Use the following link to trackback from your own site:
https://blog.jdpfu.com/trackbacks?article_id=927

  1. JD 01/08/2011 at 11:58

    So, with those large virtual machine files, you should be concerned about the reverse difference actually working. I started a VM and used it for about 3 hours then ran another rdiff-backup. The results?

    The file that I knew changed was just under 10GB on the source side. I is a full disk image, preallocated using VirtualBox, not compressed. It performs well as a virtual machine.

    The rdiff-backup took about 22 minutes to complete.
    The difference in incremental backup size was about 80MB.

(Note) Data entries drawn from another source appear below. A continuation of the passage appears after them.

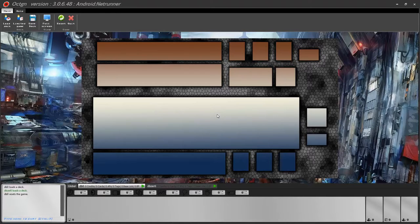Hello everybody, this is DBZERO, the developer of the Android Netrunner plugin. I'm making this video to explain how to use this plugin most comfortably to play this game on Octagon. The plugin will focus on using the Octagon engine and not playing Android Netrunner itself — I assume you will all be familiar with the rules already. Hopefully at the end of this video you will be able to use the plugin in the most efficient method.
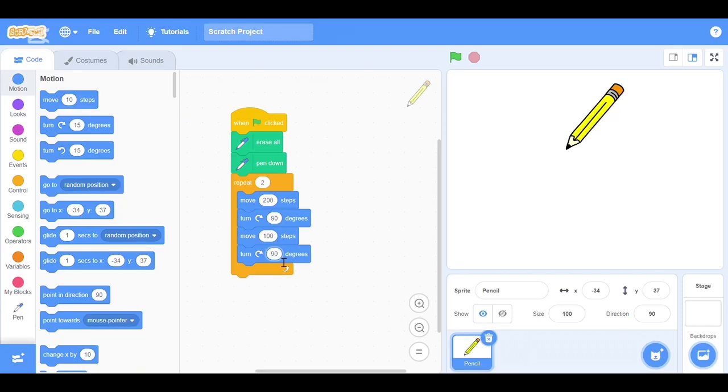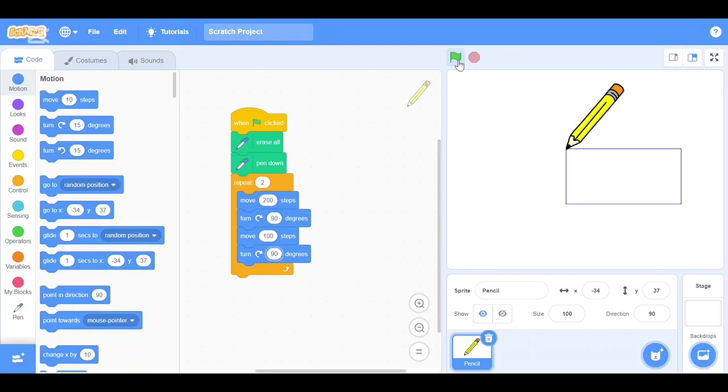So now the code is completed. Click on the green flag. Look at the screen, the rectangle is completed.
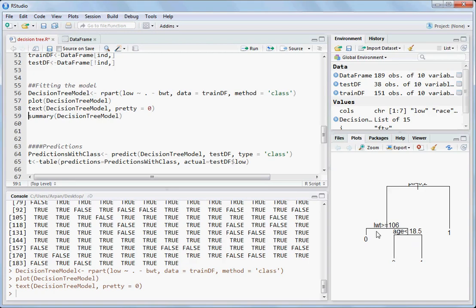lwt greater than or equal to 106 goes right, else it goes left. On the left side the low variable will be zero. On the right-hand side it checks if age is less than 18.5. If yes, it goes right and the low variable will be one. If no, it goes left and will be zero.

    C:\Users\jdp>\data\rdiff-backup\rdiff-backup.exe --list-increment-sizes p:\Dell_1558_D-rdiff
            Time                       Size        Cumulative size
    -----------------------------------------------------------------------------
    Sat Jan 08 11:00:41 2011         90.3 GB           90.3 GB   (current mirror)
    Sat Jan 08 06:06:01 2011         76.0 MB           90.4 GB
    Fri Jan 07 21:29:33 2011          994 KB           90.4 GB

    That means that even though the file was 10GB and had changed, rdiff had figured out which sectors had been changed and only created diffs with those. FAN-TAS-TIC!

    20 minutes for a backup of 80MB is a long time, so I won’t be using this method to backup my virtual servers, but for a desktop that only needs a full backup weekly, I can easily live with that time.

  2. JD 01/15/2011 at 05:05

    Another week, another backup.

    "c:\data\rdiff-backup\rdiff-backup.exe" --list-increment-sizes P:/Dell_1558_D-rdiff
            Time                       Size        Cumulative size
    -----------------------------------------------------------------------------
    Sat Jan 15 03:32:22 2011         91.7 GB           91.7 GB   (current mirror)
    Sat Jan 08 11:00:41 2011          832 MB           92.5 GB
    Sat Jan 08 06:06:01 2011         76.0 MB           92.6 GB
    Fri Jan 07 21:29:33 2011          994 KB           92.6 GB

    Just the changes please. It appears to be working.